Odires Mlászho: Unpacking the Paradoxical Structure of Language

Enciclopedia Britannica from the series Livros Esqueletos, 2014
Children’s Britannica cropped book covers (red)

Odires Mlászho is an artist of transformation. Not simple decontextualization of objects, but actually deep transformation of images, words and objects. Intimately connected to photography, literature and poetry, his creations expand society’s limited categorization habits by either destroying or transforming them in order to revive forgotten images, books, pictures and typography in order to gain new life from a completely different perspective.

Within his body of work, objects become photographs, texts transform into images, and books are sculptures: nothing remains in its original place in the world. Throughout his work, the artist proves that things are not such as defined in the way we tend to believe and that after the destruction of objects, these can be re-created and reused in a total different way. His work offers us the possibility of entering a world with a completely new kind of perception: it is our world, all the original elements are there, but this world is truly and deeply transformed.

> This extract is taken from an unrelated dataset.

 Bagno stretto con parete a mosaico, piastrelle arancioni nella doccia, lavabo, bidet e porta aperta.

Born in 1960, Mlászho has also considered being an inventor, since each of his new series come with a new technique. That is to say, in every work he creates a different way of transforming raw material, from cutting techniques to the so-called exfoliation of images. Even, his name is the first sign of his transformational character. Born José Odires Micowski, he decided to merge the name of two of his influences when he started working as an artist, Max Ernst and László Moholy-Nagy, into a new family name: Mlászho. This anagram indicates the twist he takes on these historic artists’ use of photomontage.

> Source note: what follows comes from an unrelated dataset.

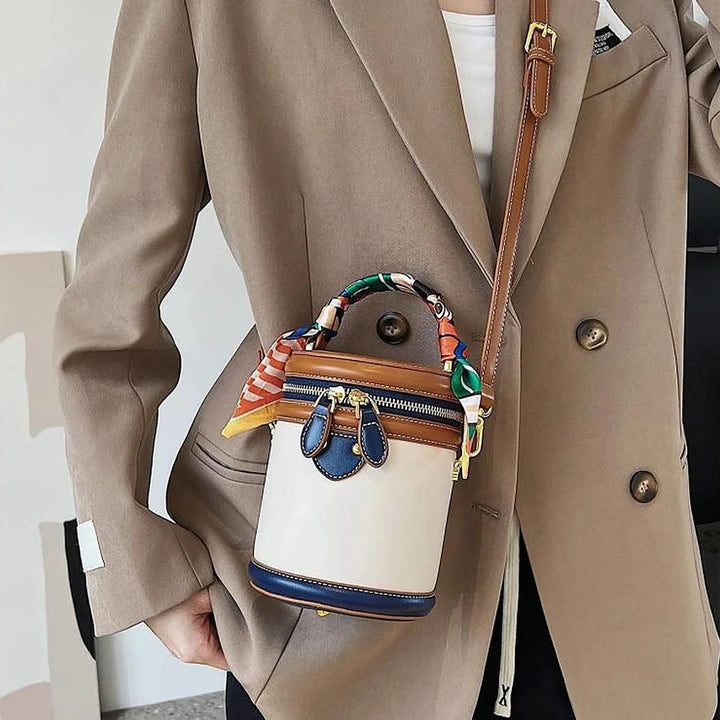 Romy vegan leather crossbody bucket bag with scarf-wrapped handle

This Brazilian artist initiated his path in the contemporary art field through literature. He initially wanted to be a poet, and his first pieces were poems; however, as one could predict, these were not regular pieces, but what he calls “elastic poems”. This new literature structures contained invented words that, when read aloud sounded almost like a mantra.

The appropriation of pictures forgotten or hidden in dusty old books and their reconstruction—in such a way as to engineer anachronic encounters—are central to Mlászho’s poetics. With the book as his main object of manipulation, the artist transforms encyclopedias, photo spreads, works of journalism, and botanical compendiums into book-sculptures.

Mlászho’s altered books are a logical extension of his collages, which experiment with techniques of cutting and transferring images from albums, manuals, and antique books. The aritst bends, twists, and interweaves encyclopedias and handbooks to create arcane objects. The volume, as bound paper, is recast as a volumetric thing.

Exhibition of Mlászho’s Skelleton Books in Carmen Araujo Gallery.

Constructed from several copies of the Enciclopedia Britannica from the series Livros Esqueletos (2014) the artist cropped with graphic knife the book covers of the British Encyclopedia for Children. In this artpiece, massive volumes of Brittanica encyclopaedias have been disfigured, altered and transformed into new book-sculptures. Mlászho unpacks the constructed nature of photogenic reality and draws out attention to the paradoxical structure of language. In Britannica from the series Livros Esqueletos (2014), the artist opens up an epistemological investigation by revealing the internal structure of knowledge.

In Britannica from the series Livros Esqueletos (2014), Mlászho does not deliver books from materiality but cedes their materiality as objects. Thus, in this art piece, the artist aims to expand the language of collage into three dimensions. Odires Mlászho interferes directly on the constituent architecture of books, creating holes, scars and graphic cutouts that can be read as ideal packages for the artist’s own language.

Mlászho’s most recent solo shows include: Prize MASP 2013 (Artist of the Year 2012–2013), Museu de Arte de São Paulo; the 55th Venice Biennale; and Zero Substantivo, Galeria Vermelho, São Paulo (2013).